The exhibition of the Irbit State Museum of Fine Arts features a lithograph by Alexander Orlovsky titled “Battle Between Georgians and Highlanders”.
Alexander Orlovsky was praised by his contemporaries as a talented and brilliant draughtsman. They appreciated his everyday sketches, which were witty, funny, and occasionally sharply critical. In his work, Orlovsky mainly focused on battle and military scenes. He was always interested in the heroic past and present. Scenes of battles, attacks, and chases feature famous Russian generals and unknown warriors such as Cossacks, Bashkirs, Circassians, Persians, Turks, and Highlanders who appear at crucial moments in their lives, in times of war and peace. As a backdrop for his scenes of battle and robbery, Alexander Orlovsky often chose gloomy landscapes filled with scary moonlight, trees bent in the wind, and a stormy sky.

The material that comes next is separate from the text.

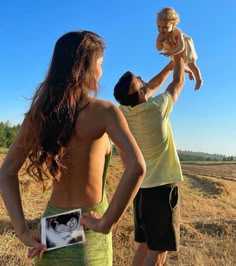 a man holding a baby up to his face while standing next to a woman in a field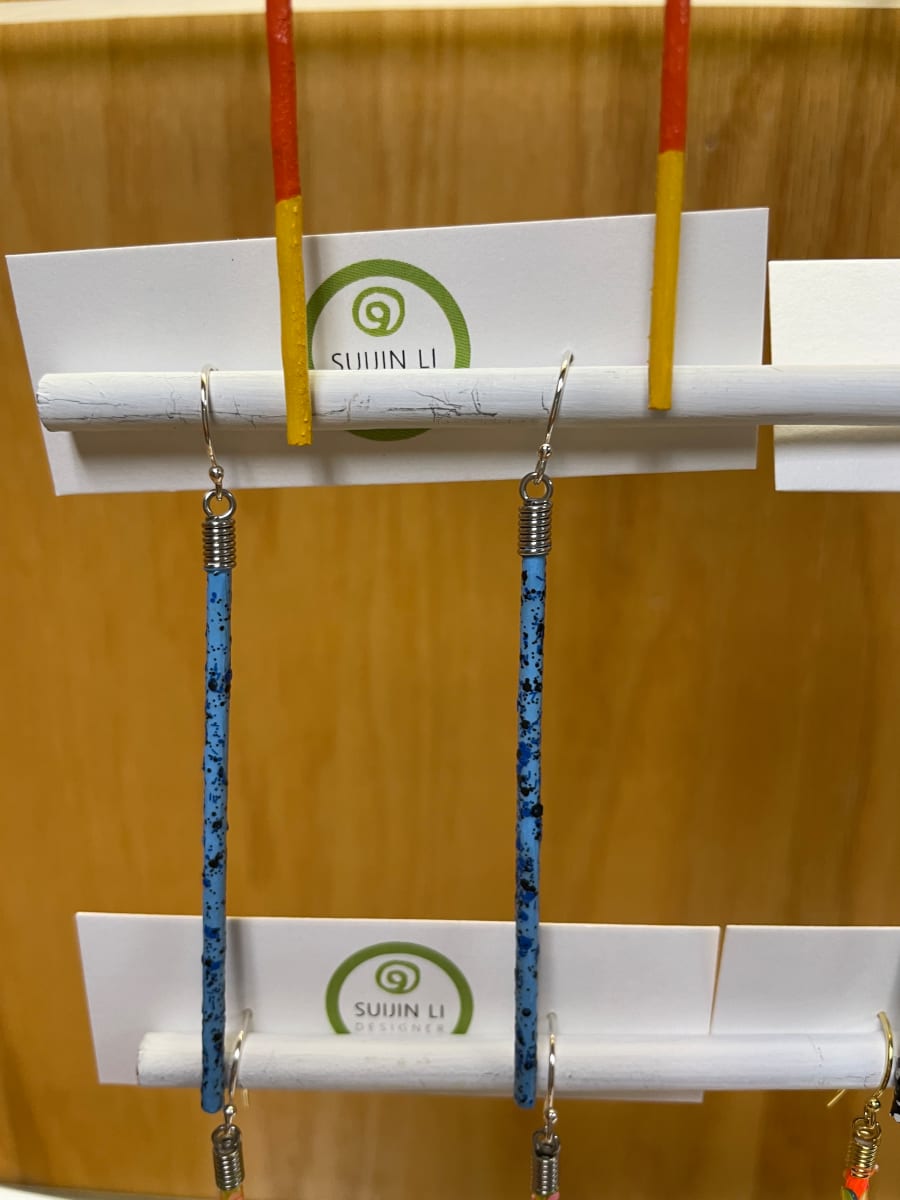 Blue speckled stick earrings by Suijin Li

One of the technically compelling artworks is the 1826 lithograph “Battle Between Georgians and Highlanders” by Alexander Orlovsky from the museum collection. In this lithograph, the artist focused on the foreground where the horsemen and horses are larger than elsewhere in the image. The artist depicted one of many bloody battles for Caucasian territories, without specifying which one it is. The scene features Georgian warriors, Persian troops, and even Turkish Janissaries. As a connoisseur of Eastern and Cossack weapons and a brilliant animalier painter, Alexander Orlovsky managed to imbue the intense battle with his fiery temper.